The music’s direct call to the listener’s utopian unconscious can also be found on the track “Left Hand of Darkness”, which is named after a Ursula K. LeGuin science fiction novel about the League of All Worlds. This tune is full of squiggles and strange electronic noises. Taylor uses the vibraphone as a percussion instrument even as he pounds the drums, although he is always careful about hitting the right notes. There is a lot of empty gaps between the sounds that connote the outer space scenario of the title, in addition to something that might be called happy noises—rhythmic bleeps that just resonate and echo throughout the song.
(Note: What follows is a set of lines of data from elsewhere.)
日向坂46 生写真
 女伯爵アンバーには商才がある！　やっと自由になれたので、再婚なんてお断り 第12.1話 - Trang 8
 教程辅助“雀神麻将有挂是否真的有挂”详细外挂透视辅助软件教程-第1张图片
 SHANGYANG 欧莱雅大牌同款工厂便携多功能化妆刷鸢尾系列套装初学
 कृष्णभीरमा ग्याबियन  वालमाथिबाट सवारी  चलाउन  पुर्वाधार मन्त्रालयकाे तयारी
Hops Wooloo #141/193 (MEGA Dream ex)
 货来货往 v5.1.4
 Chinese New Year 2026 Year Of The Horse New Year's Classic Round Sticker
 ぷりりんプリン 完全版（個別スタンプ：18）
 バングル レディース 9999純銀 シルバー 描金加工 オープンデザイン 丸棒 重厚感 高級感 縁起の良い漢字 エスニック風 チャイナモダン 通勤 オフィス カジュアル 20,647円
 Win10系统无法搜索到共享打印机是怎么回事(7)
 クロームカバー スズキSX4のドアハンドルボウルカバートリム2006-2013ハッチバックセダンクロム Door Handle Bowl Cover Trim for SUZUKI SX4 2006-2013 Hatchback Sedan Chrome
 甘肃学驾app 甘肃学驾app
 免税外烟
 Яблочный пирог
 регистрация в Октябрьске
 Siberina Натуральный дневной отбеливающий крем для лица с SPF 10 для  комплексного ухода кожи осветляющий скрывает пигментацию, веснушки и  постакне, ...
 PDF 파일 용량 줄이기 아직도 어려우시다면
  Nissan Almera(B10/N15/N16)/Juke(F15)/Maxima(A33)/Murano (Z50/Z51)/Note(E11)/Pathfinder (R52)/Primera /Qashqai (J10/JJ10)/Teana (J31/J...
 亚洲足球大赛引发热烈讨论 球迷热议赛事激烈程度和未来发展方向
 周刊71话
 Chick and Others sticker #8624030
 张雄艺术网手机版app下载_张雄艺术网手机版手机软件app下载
The effect is magical.
The album was recorded at Rocha Studios in Sao Paulo, Brazil and several songs have a tropical feel, especially “Hermato”, a song presumably in tribute to the great Brazilian composer Hermeto Pascoal. Pascoal was known for using unconventional objects as musical instruments, items such as teapots and toys in addition to babbling brooks and singing into a cup while one’s mouth was half-filled with water. The Chicago Underground Duo’s tune seems to utilize the wind and simple phrases on the keyboard looped and repeated to create an atmosphere of childlike joy and innocence.
Yet these descriptions of the album overlook the fact of Mazurek and Taylor’s virtuosity. The compositions have a structure, and the players improvise. Mazurek can create otherworldly sonics one minute, and then blow a traditional jazz line on his horn. Taylor can pound like a monster for long stretches, and then just keep a gentle back beat. Their performances all depends on the moods and merits of the song.
For example, on the one cover, Ornette Coleman’s “Broken Shadow”, the duo remain in tight sync with each other (what Joe Zawinul called the “nobody solos, everybody solos” contradiction found at the heart of Coleman’s compositions). Taylor keeps the pulse. Mazurek explores various riffs and melodies. The pace and tension builds but never climaxes, just sort of ebbs and flows, as the players get more and more intense over the 7-plus minute piece. When the music starts to fade, it’s like a ghost has left the room. Something is missing, but you were never quite sure what exactly was there in the first place.
The Chicago Underground Duo are on Thrill Jockey, a label known for eccentric rock bands like Tortoise, The Fiery Furnaces, and Bobby Conn, more than jazz. Some purists may wonder if this extraordinary music is really jazz, but at its weird and wonderful heart, Boca Negra belongs to the tradition of Sun Ra, Miles Davis’ Bitches Brew and other fine jazz works from that weird and wonderful tradition.